Work request: Apart from the pictures, every entry below should be repeated exactly.

─── Records supplied ───

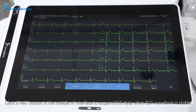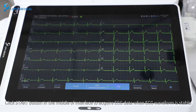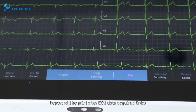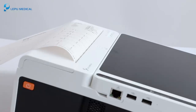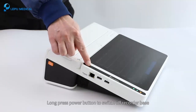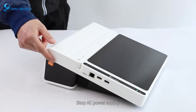Click the start button in the middle of the interface to acquire ECG data when the ECG waveform is stable. The report will be printed after ECG data acquisition is finished. Long press the power button to switch off the recorder base, then stop the AC power supply.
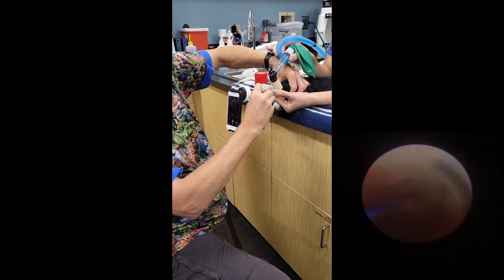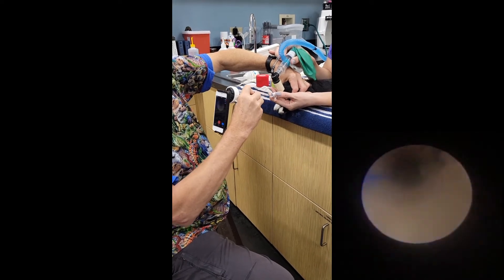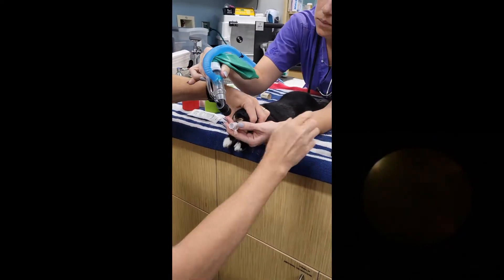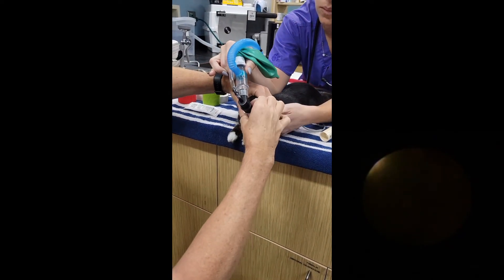My assistant will hold the tube and I'm going to come off. Now we can attach the rabbit to the breathing system.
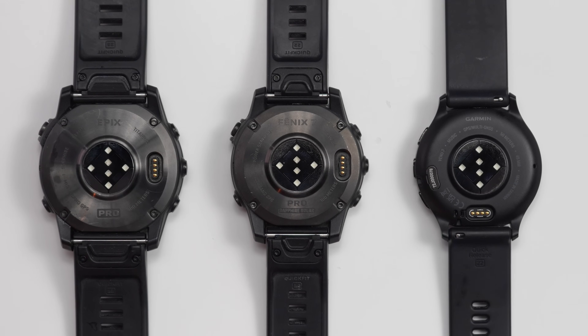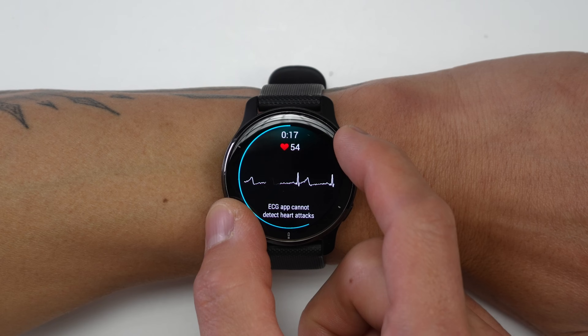The hardware on these devices supported it, but they needed to get that approval first, which is the same as the Venue 2 Plus. What is great is that it's adding a highly requested feature to those of you who own one of these watches, which extends the health functionality even further.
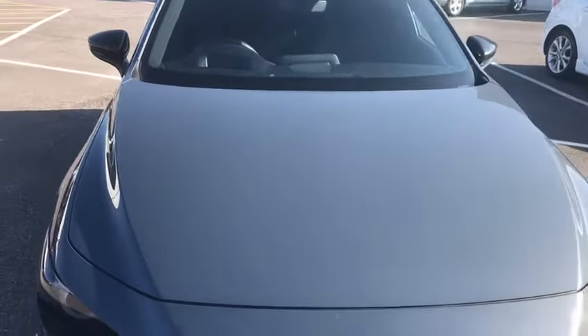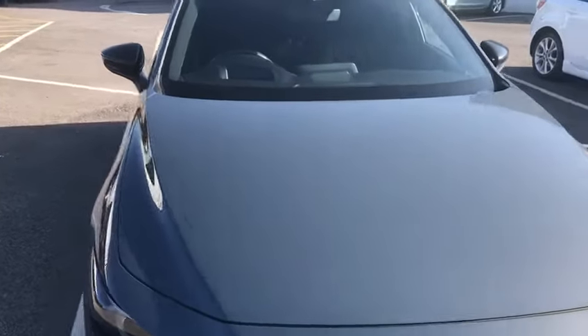As you can see, in front you can't see the windscreen wipers, so the aesthetics of the car are fantastic. I'm going to show you now how you set them into hold mode.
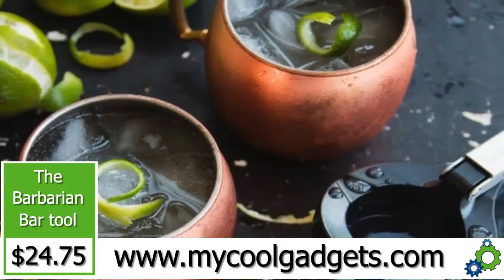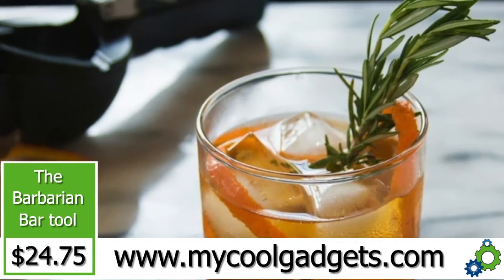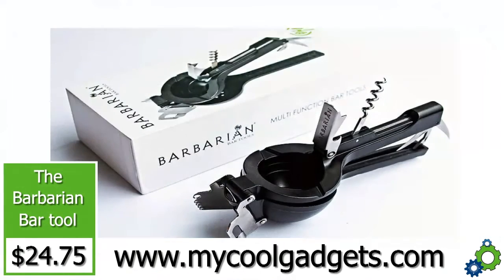The best tool for the summer you've ever seen — called the Barbarian, for $24.75. Go to mycoolgadgets.com. You can slice, you can dice, you can open, you can crush — you can do anything for every single drink you can imagine. This is a bartender's dream. Normally $79.99, today only $24.75 at mycoolgadgets.com.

───

Answer to this exercise:
Click the start button in the middle of the interface to acquire ECG data when the ECG waveform is stable. The report will be printed after ECG data acquisition is finished. Long press the power button to switch off the recorder base, then stop the AC power supply.
My assistant will hold the tube and I'm going to come off. Now we can attach the rabbit to the breathing system.
The hardware on these devices supported it, but they needed to get that approval first, which is the same as the Venue 2 Plus. What is great is that it's adding a highly requested feature to those of you who own one of these watches, which extends the health functionality even further.
As you can see, in front you can't see the windscreen wipers, so the aesthetics of the car are fantastic. I'm going to show you now how you set them into hold mode.
The best tool for the summer you've ever seen — called the Barbarian, for $24.75. Go to mycoolgadgets.com. You can slice, you can dice, you can open, you can crush — you can do anything for every single drink you can imagine. This is a bartender's dream. Normally $79.99, today only $24.75 at mycoolgadgets.com.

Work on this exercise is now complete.